Copy every record below exactly as written, but leave out the pictures.

======== Available data

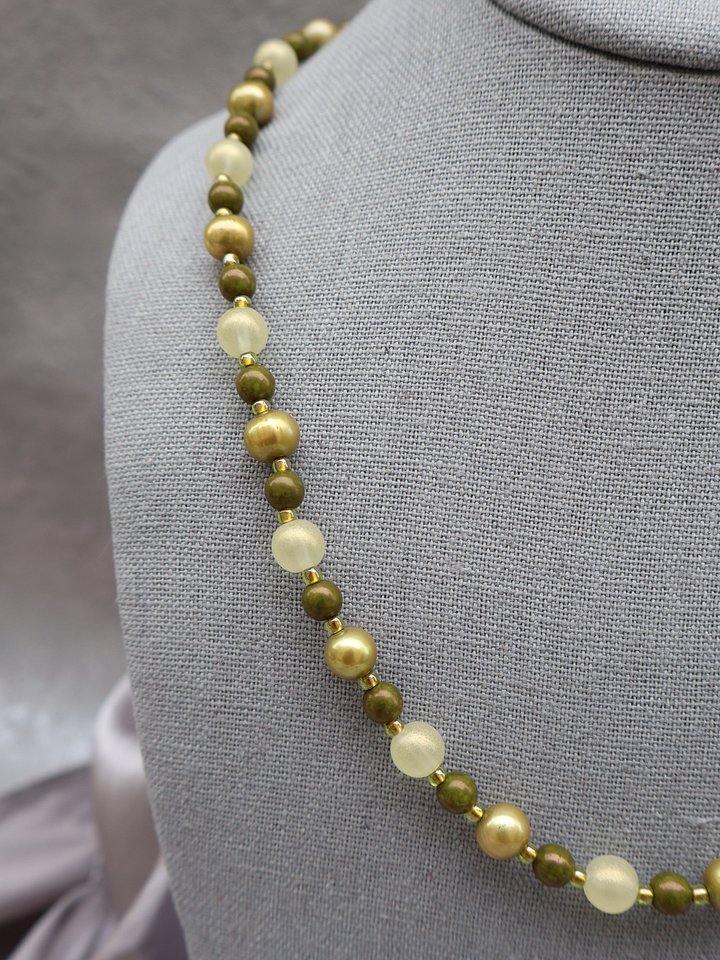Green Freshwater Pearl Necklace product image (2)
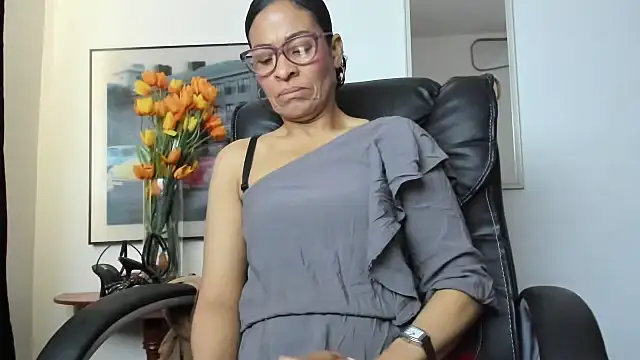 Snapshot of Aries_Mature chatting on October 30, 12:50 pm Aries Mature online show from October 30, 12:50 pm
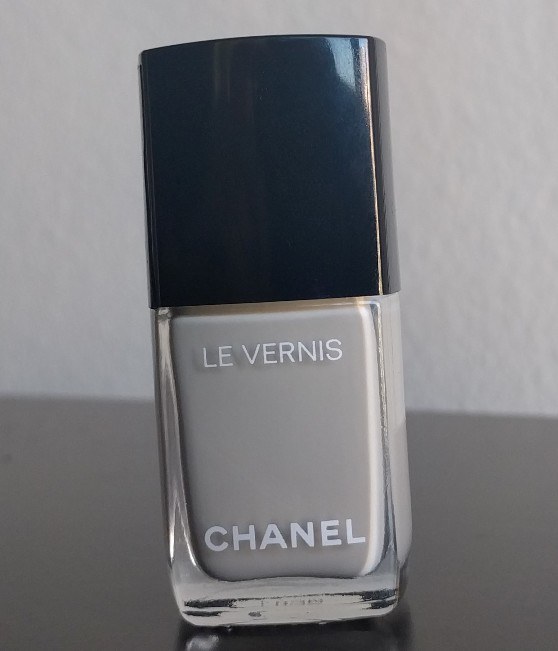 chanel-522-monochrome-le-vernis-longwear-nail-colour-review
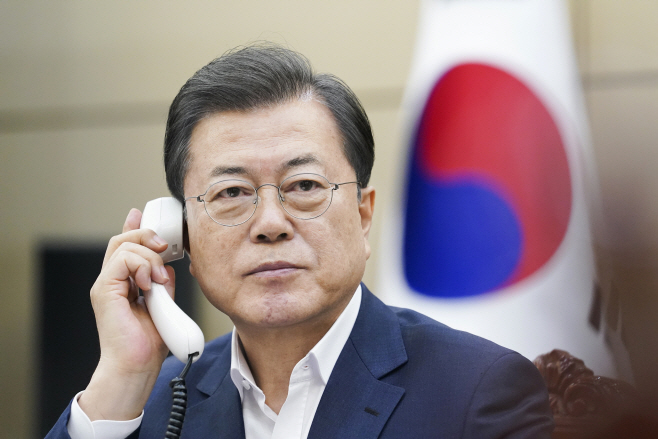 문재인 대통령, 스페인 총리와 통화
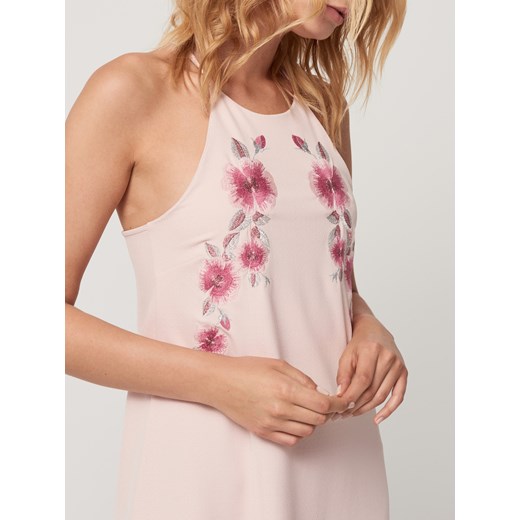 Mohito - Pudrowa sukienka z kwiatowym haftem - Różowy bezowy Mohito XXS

================

> Response area:
Green Freshwater Pearl Necklace product image (2)
 Snapshot of Aries_Mature chatting on October 30, 12:50 pm Aries Mature online show from October 30, 12:50 pm
 chanel-522-monochrome-le-vernis-longwear-nail-colour-review
 문재인 대통령, 스페인 총리와 통화
 Mohito - Pudrowa sukienka z kwiatowym haftem - Różowy bezowy Mohito XXS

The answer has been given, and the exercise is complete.